55. The position of both the guardian and the local authority is that when the judge’s unsatisfactory treatment of the bruising is added to his error over the torn frenulum, the only possible outcome is that both parents must remain in the pool of potential perpetrators. We respectfully agree.

56. We do not overlook the skill with which the case for the mother was presented by Miss Branigan, from whom we not only had a skeleton argument but full and careful submissions. We feel bound to comment, however, that the arguments she advanced (largely centred, as they were, on the role and function of a judge at first instance conducting a finding of fact hearing) which would in most cases have been compelling, could not redress the void at the heart of the judgment which we have identified.

57. We do, however, agree with one of Miss Branigan’s principal submissions, namely that the primary case advanced on the father’s behalf (that we should reverse the judge’s findings and exculpate the father) is wholly untenable. The judge made a number of adverse credibility findings against the father which are  unconnected with the errors we have detected. In addition, at least three of the factors which the judge listed as suggesting that the father could be the perpetrator (his long-standing and concealed use of amphetamines, his obsessive tendencies and his temper), were all manifestly open to the judge to find as pointers towards responsibility, and are untainted by the errors we have identified.

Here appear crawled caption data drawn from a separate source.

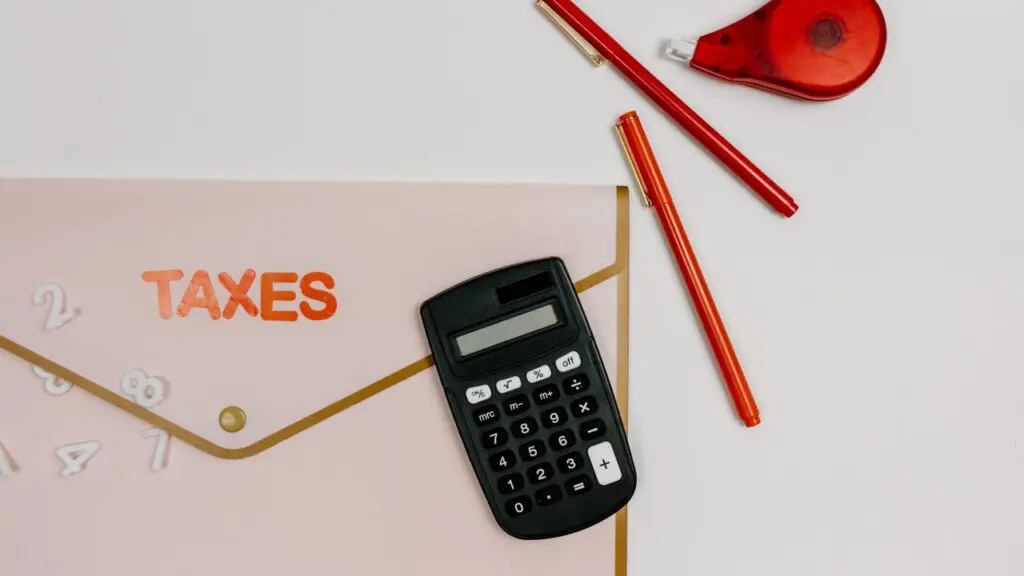 Calculator and red pens beside a folder labeled taxes, representing IRMAA and Medicare premium planning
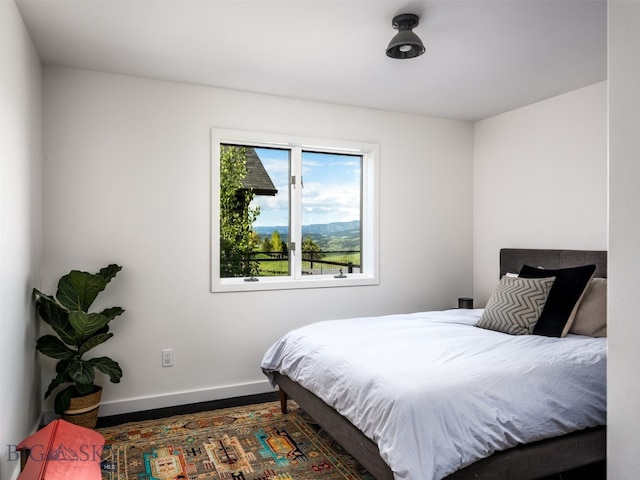 370 Star Ridge Rd, Bozeman, MT 59715 - bedroom featuring baseboards and wood finished floors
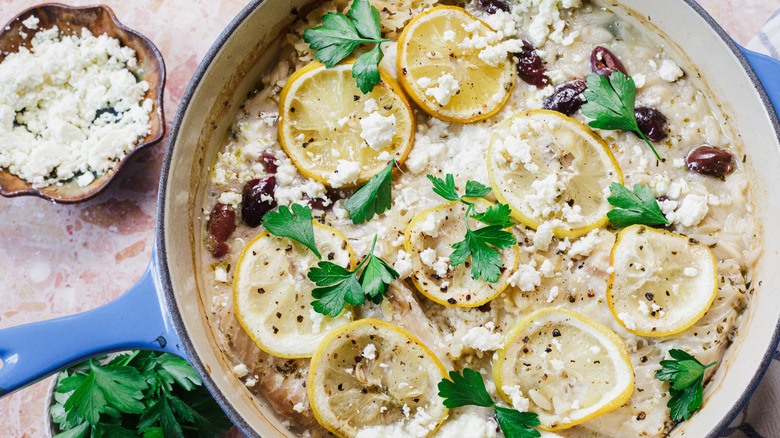 Large blue pot of orzo and fish with feta and parsley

58. Equally, we do not think that the judge (or, for that matter the local authority) can be criticised for relying, so some extent, on the father’s previous conduct towards C, which is plainly relevant.

59. Mr Tolson reserved particular criticism for the following paragraph of the judge’s judgment on the question of opportunity to inflict the injuries. The judge said this: -

The parents and the children were in the same household. The father was at home when he was not at work or visiting his parents or collecting drugs. The mother worked part-time before S’s birth. Afterwards there were still periods when the father was left in sole charge. For example, when the mother went out shopping or took R to the nursery or when she was having a bath. Also on some occasions the father tended to S at night. So in considering when and for how long S was in the sole care of either parent, I conclude that there were periods when she was left in the father’s care. Those periods were not so short as to be negligible or as to exclude the possibility of perpetration by the father. But, no doubt, the mother had the greater opportunity in that she was with the children for longer periods.

60. In our judgment, this paragraph is fireproof, and manifestly open to the judge to find, even if (a point Mr Tolson made) he is in error about the father tending to S at night. The medical evidence did not exclude the injuries being inflicted in a very short time-frame, and the mainstream expert evidence of Professor S was that fractures in a non-ambulant child frequently did not produce continuous or continuing manifestations of pain.

61. For all these reasons, this is one of those rare cases in which this court is able to say that the judge has reached an impermissible conclusion on a finding of fact hearing, and that, as a consequence, this court can and should interfere. Likewise, as we have explained, our view is that our interference should be limited to the reversal of the judge’s primary finding, and the substitution of a finding that neither parent can be excluded from the pool of perpetrators for the injuries to either child. In relation to the torn frenulum, however, we can go further, and we do so. On the available evidence, the judge should have found on the balance of probabilities that this injury was caused by the mother.  That finding will also be included in our order.

62. The case will now return to the Bournemouth county court for the judge to continue with its management, and for him to conduct the final hearing.